The package also exports the full type surface for building typed integrations: Workflow, Graph, WorkflowNode, WorkflowEdge, Run, RunStatus, Step, Check, CheckType, CheckResult, EvalSummary, CustomTool, RegisterToolInput, ValidationResult, WebhookInfo, AgentOSOptions, and AgentOSError.
Evaluation checks
Both SDKs added set_checks / setChecks for attaching automatic evaluations to a workflow. Each successful run is scored against the checks and the results ride back on the run under evals (a { passed, total, results } summary), so you can assert quality in CI or gate a deploy on a pass rate. Both accept a workflow id or exact name.
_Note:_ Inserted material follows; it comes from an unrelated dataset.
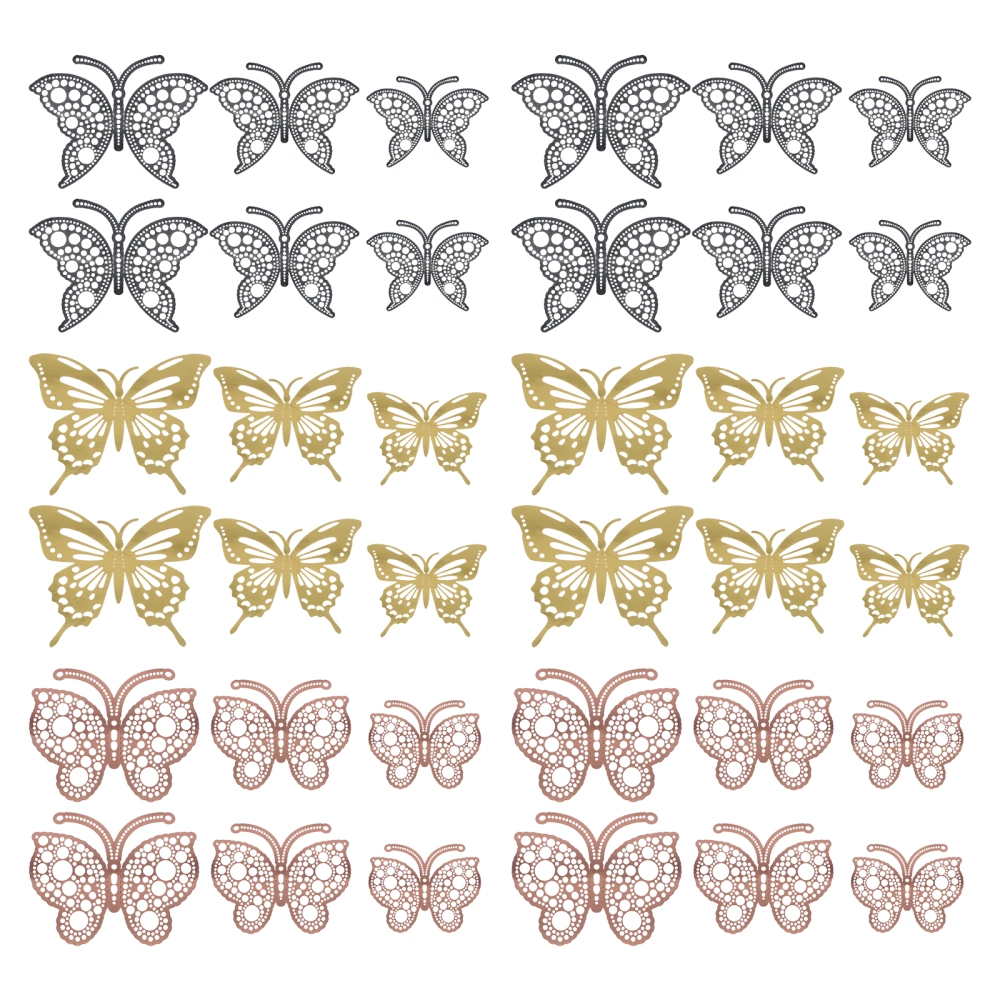 36Pcs Metal-like Butterflies Decals Wall Sticker Decoration Wedding Room Decor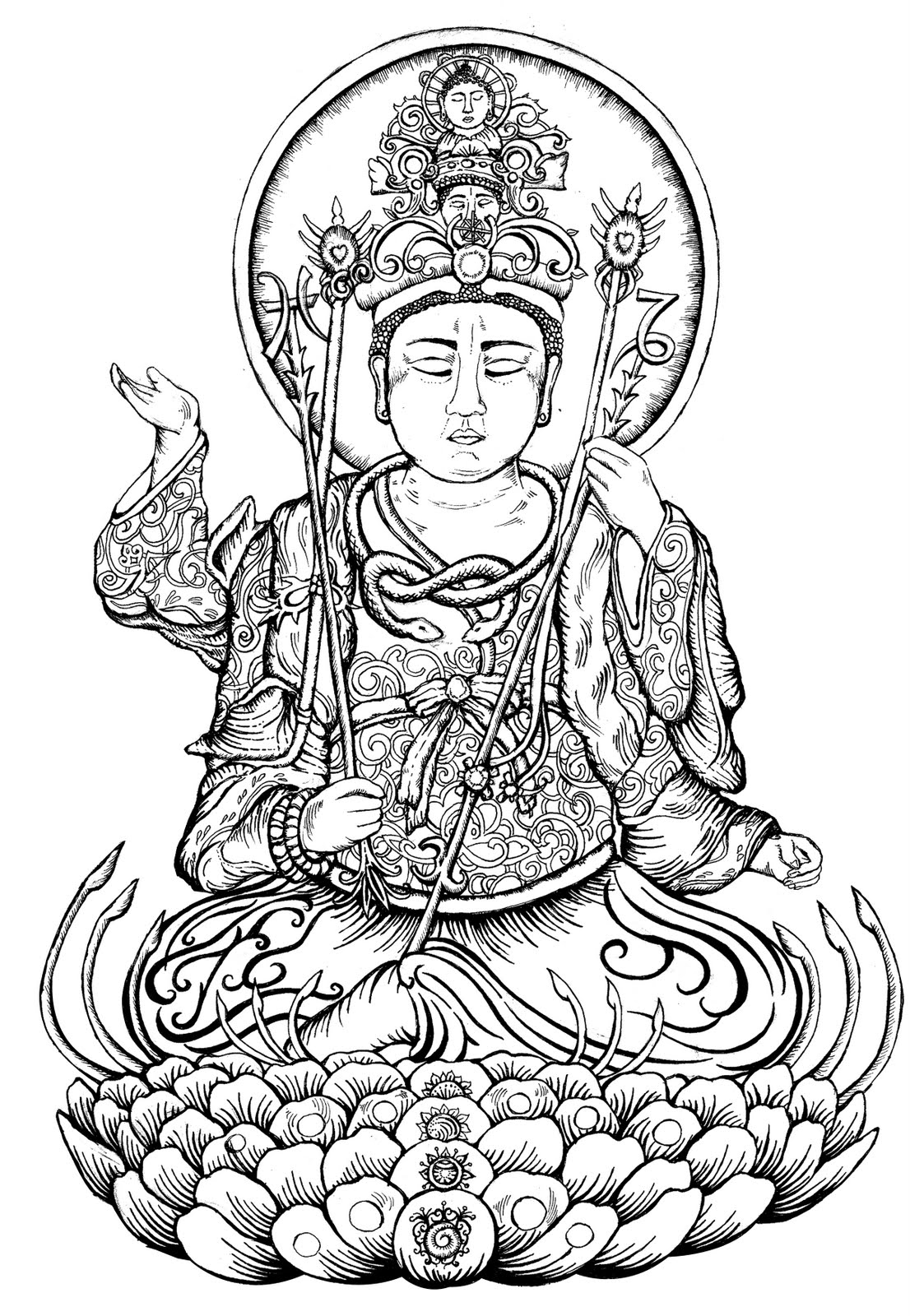 ぬりえページ: ヒンズー教の神話: 仏 (神々と女神) #89558 - 無料の印刷可能なぬりえページ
client.set_checks("Support Triage Crew", [
{"name": "mentions refund", "type": "contains", "target": "draft_reply", "value": "refund"},
{"name": "under budget", "type": "max_cost_usd", "value": 0.05},
{"name": "fast enough", "type": "max_duration_ms", "value": 8000},
])
run = client.run("Support Triage Crew", {"ticket": "..."}, wait=True)
print(run["evals"]) # { "passed": 3, "total": 3, "results": [...] }
Check type is one of contains, not_contains, equals, regex, max_cost_usd, max_duration_ms, or expression. Text checks take a target (a state key) and a value, with an optional case_sensitive flag; the cost and duration checks take just a numeric value.
Authentication
- API keys (recommended for programs) — create one in Settings → API keys; its role (or the linked member's permissions) bounds what the SDK can do. Pass it as
api_key=/apiKey. - Session tokens — pass
token=/tokenif you already hold a login session. - In
AUTH_MODE=openlocal development, neither is required — the SDK acts as the workspace owner.